EXERCISE INSTRUCTIONS: Find the line that contains "Vestido Maxi Midi Evasê Azul" in the records below, then repeat exactly that line and each one after it, leaving pictures out.

Segment Start: DATASET RECORDS

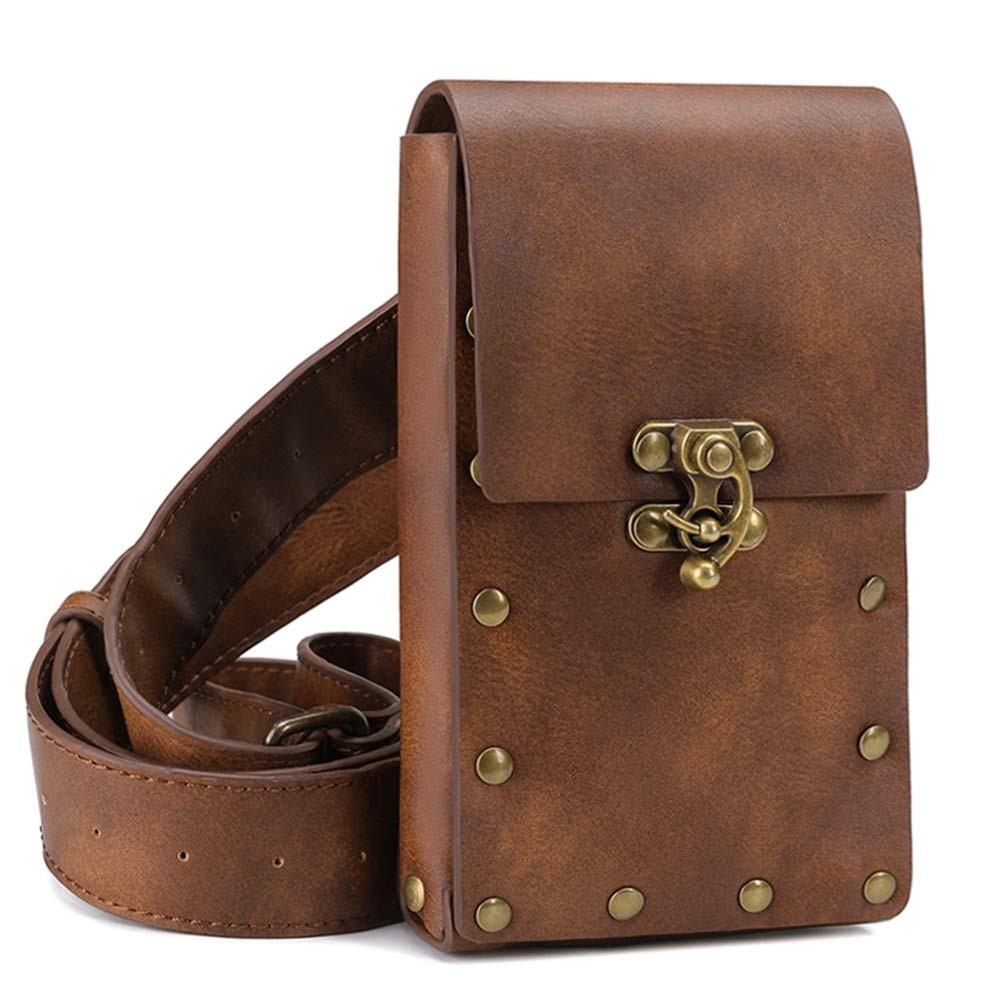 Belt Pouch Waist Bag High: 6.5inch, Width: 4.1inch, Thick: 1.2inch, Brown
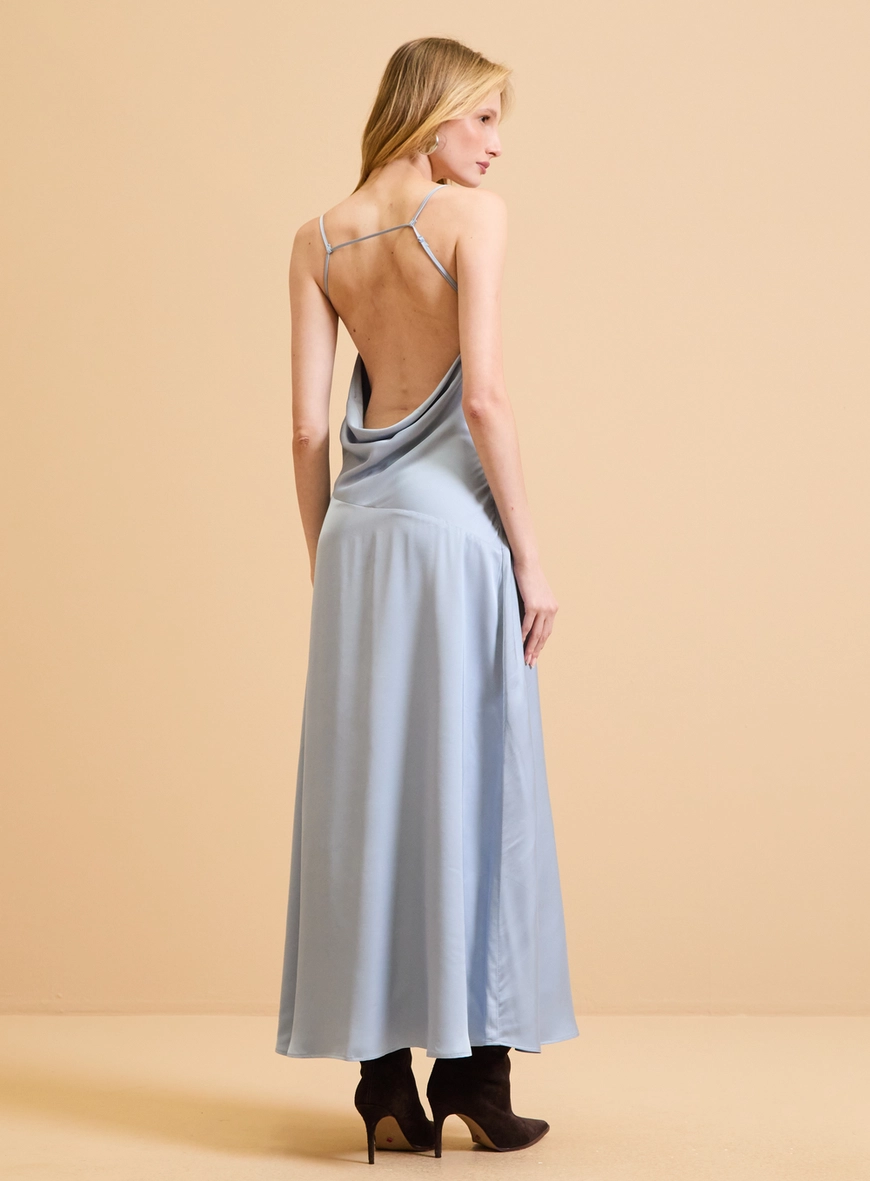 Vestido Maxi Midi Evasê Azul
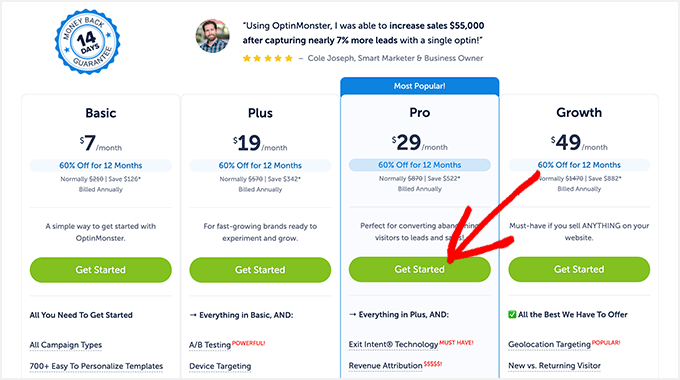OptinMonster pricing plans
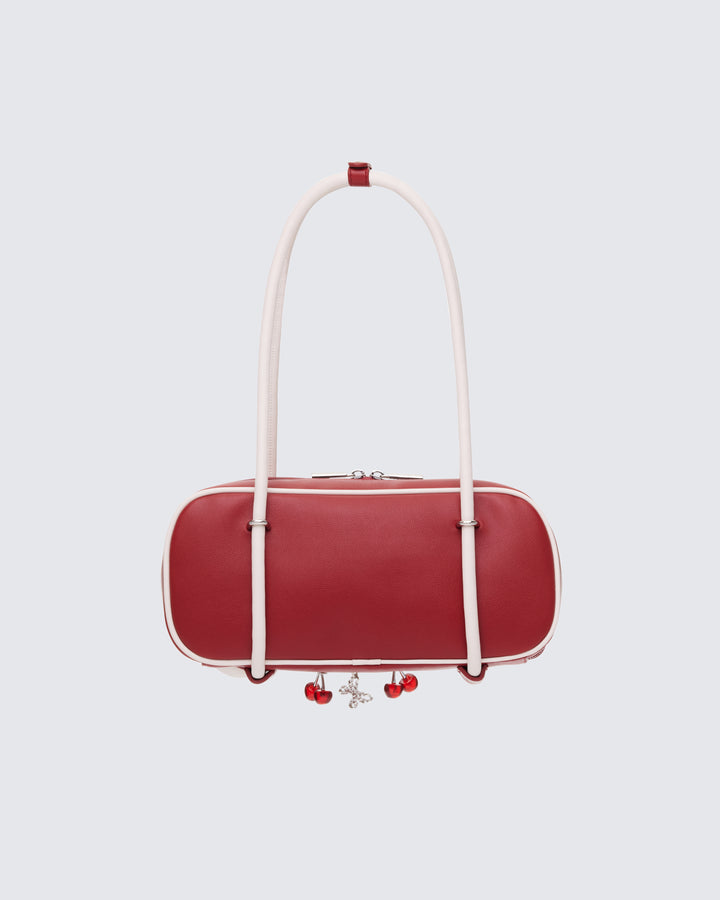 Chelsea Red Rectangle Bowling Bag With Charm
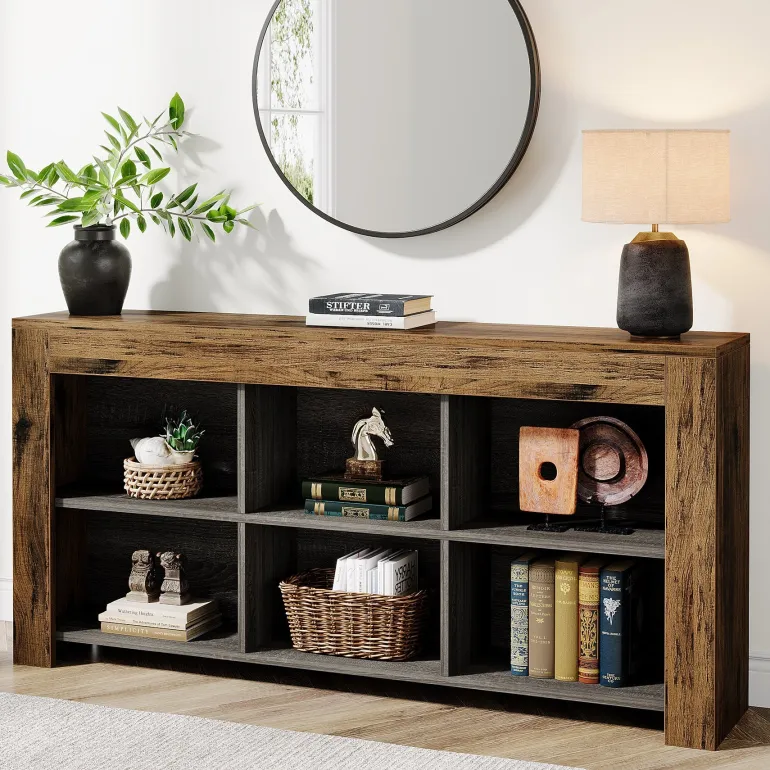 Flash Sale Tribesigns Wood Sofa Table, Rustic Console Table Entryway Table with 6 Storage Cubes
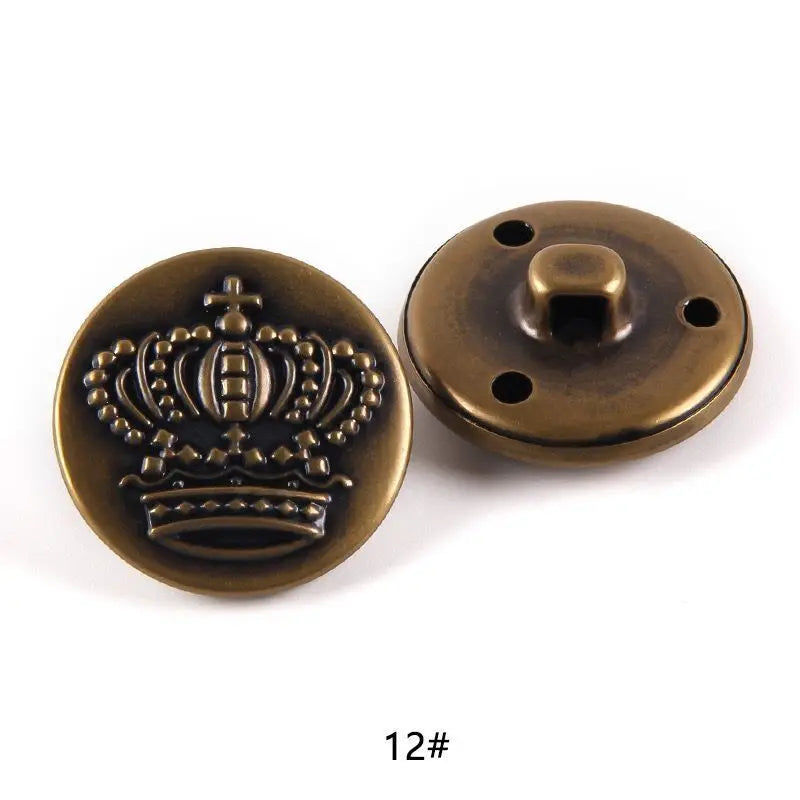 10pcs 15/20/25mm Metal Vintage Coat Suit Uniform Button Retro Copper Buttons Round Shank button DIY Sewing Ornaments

Segment End: DATASET RECORDS

EXERCISE RESULT:
 Vestido Maxi Midi Evasê Azul
OptinMonster pricing plans
 Chelsea Red Rectangle Bowling Bag With Charm
 Flash Sale Tribesigns Wood Sofa Table, Rustic Console Table Entryway Table with 6 Storage Cubes
 10pcs 15/20/25mm Metal Vintage Coat Suit Uniform Button Retro Copper Buttons Round Shank button DIY Sewing Ornaments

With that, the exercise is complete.